Overall, the Hedera Council is in charge of overseeing the future direction of the Hedera platform and maintaining the software required to run the network. The Hedera Council is also committed to providing transparent governance, with the minutes of their meetings published openly on the official website.
Hedera Sustainability Initiatives
Even with an already minimal carbon footprint, Hedera takes it a step further by committing to being fully carbon negative with the purchase of carbon credits to offset its own greenhouse emissions.
Simply put, purchasing carbon credits is a voluntary initiative from companies and businesses who purchase these credits from other organizations who remove or offset carbon emissions. Carbon credits themselves are tradable assets in a rapidly growing movement across industries to collectively reduce their impact on the environment.

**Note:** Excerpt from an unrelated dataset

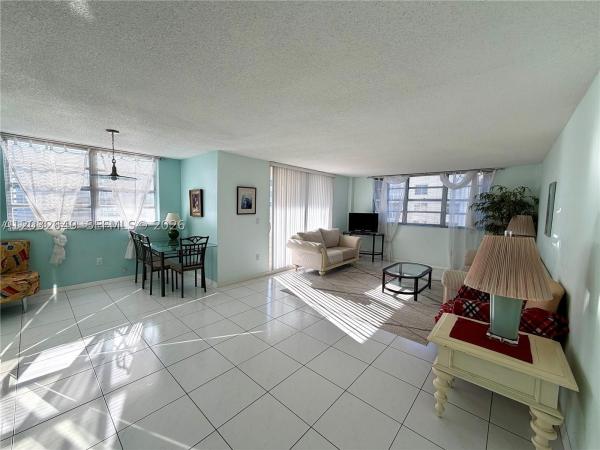 Plaza Towers, 1833 S Ocean Dr #1202, Hallandale Beach, Florida 33009, image 1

Being a leader in this space, Hedera itself has become the spirited choice for sustainable solutions providers such as TMYLEZ who are in need of a robust and auditable distributed ledger to provide accurate carbon emissions data for businesses as well as carbon credit markets like Guardian. More household names such as Hyundai and KIA have also announced that they will be utilizing Hedera for monitoring and predicting carbon emissions at every stage of their production process–from the procurement of raw materials, manufacturing and transport–as part of their sustainability efforts.
HBAR has a maximum supply of 50 billion tokens of which over 34 billion HBAR (68.67%) have already been allocated.
The allocation goes as follows: 7.74% went to Swirlds, the company responsible for the initial development and licensing of Hedera’s hashgraph technology, while 14.77% are allocated for Hedera’s network governance, which includes founders, executives, employees and contractors. Meanwhile, 22.26% have been allocated for purchase agreements, including regulated investment and swap contracts, while 23.9% are allocated for the Hedera ecosystem and its open-source development.
The remaining 15 billion HBAR (31.33%) comprising the unallocated supply remains to be determined by the Hedera Council for future projects and developments. Further announcements and release schedules are announced on the Hedera Treasury Management Report page.